I stopped reading the news long ago because I felt it was plagued with what the ‘media thought we should know’, which is usually about celebrities. I’m tired of hearing about celebrities, and too many people are obsessed with celebrity lives instead of their own. When you have to read and gossip about someone else’s life, then that means you haven’t been living your own. But I regress.
Living in Germany, I don’t watch the local news in the States, but I do get Bing highlights when I open my browser. I came across this article about Sesame Street. When I was a child, I couldn’t wait to watch Sesame Street along with Romper Room, and they helped me learn to count and learn my ABC’s.
Because of the overwhelming number of Americans in jail these days, or have been in jail, Sesame Street decided to introduce a Muppet called, Alex, whose dad is in prison. “Alex, who wears a hoodie, gives voice to kids who might feel that they don't otherwise have one.” Take a look at a clip of one of the segments. Adults can learn many lessons from this video.
The idea is great for helping children cope with a life situation they didn’t create. Sesame Street is a wonderful teaching tool for children. Unfortunately, it shouldn't have to teach children about feeling like an outcast because their parent is in jail.
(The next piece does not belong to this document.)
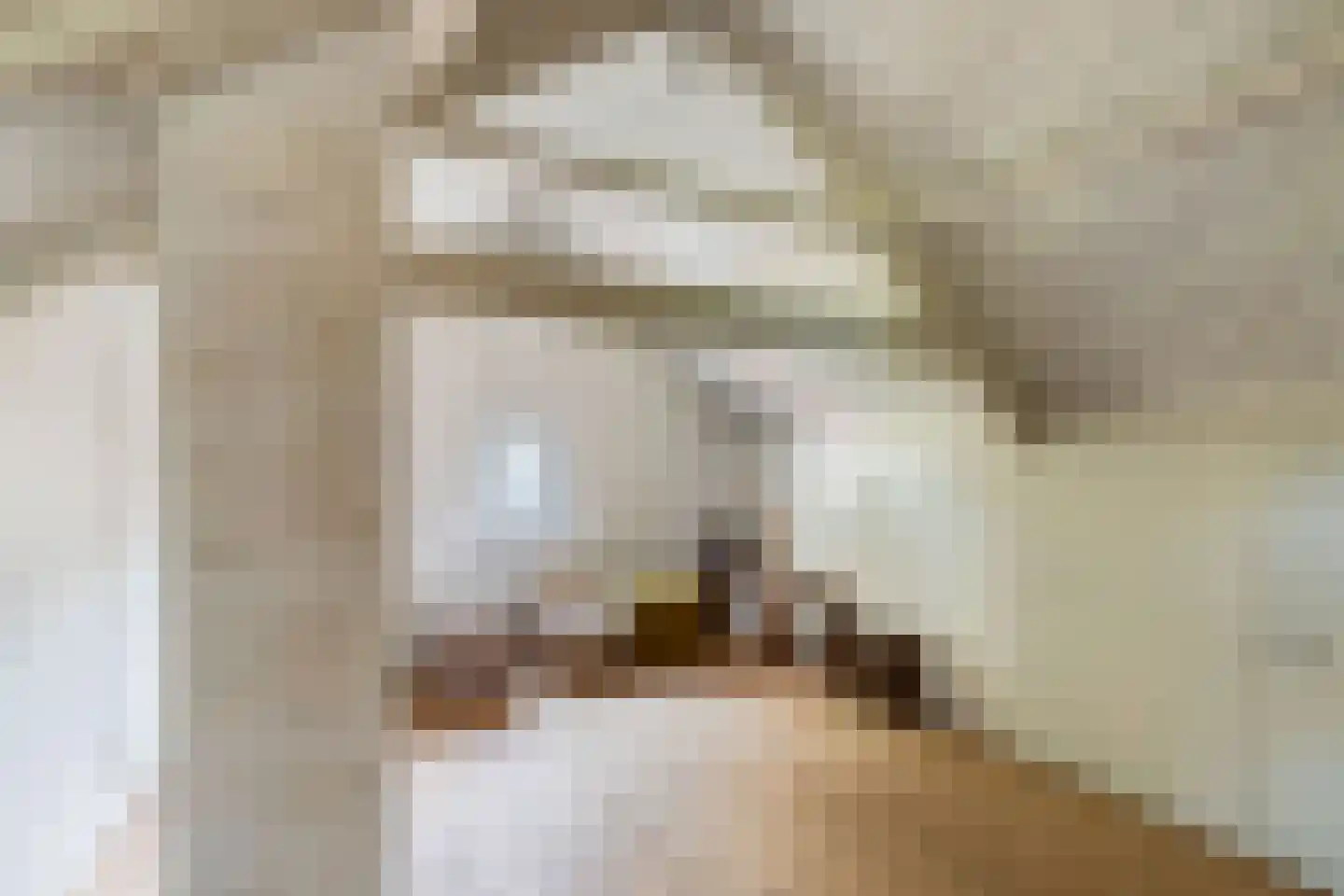Bosplantsoen 40 Zevenhuizen thumbnail 26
It's a time for them to learn about playing well with others, sharing, etc.
This says volumes about where our society is headed. Gone are the days of innocence. Children are bombarded, damaged and bruised by adult actions. These childhood issues cause anxiety and various other psychological problems, and in some cases, children grow up and mirror their parent’s actions.
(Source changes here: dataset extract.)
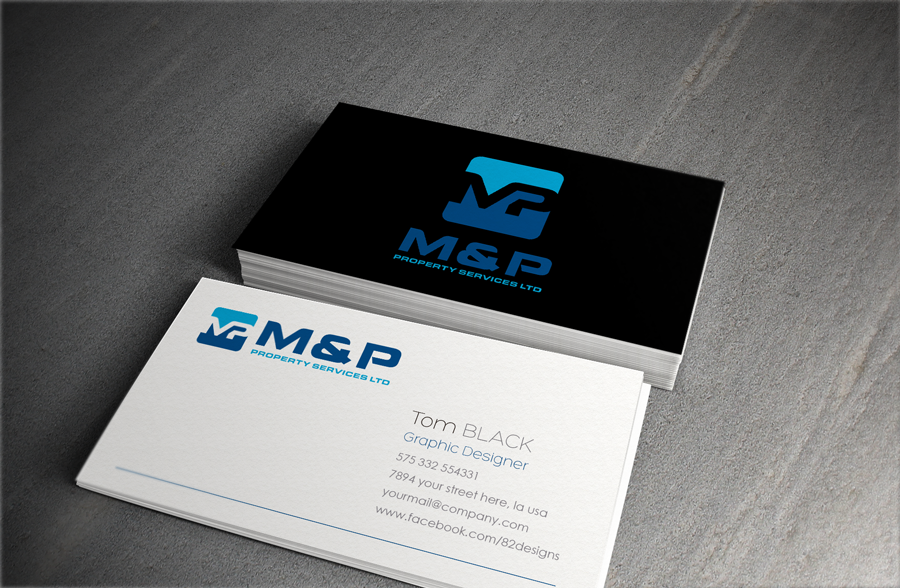 Diseño de Logo por mvillamin para este proyecto | Diseño #4862727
Since 2002, the U.S. has the highest jail rates. “As of 2010, the rate was 500 prisoners per 100,000 citizens, compared with an average of 100 prisoners per 100,000 citizens in peer countries. Incarceration rates are significantly higher for American blacks and Latinos than for whites.” These statistics are disheartening. America has lost its vision for opportunity and the American dream. I highly doubt anyone who came to America thought prison was a dream. Many people from other cultures came to America to make their dreams come true and succeeded.
All I can say is these ‘new efforts’ from Sesame Street are commendable and depressing at the same time.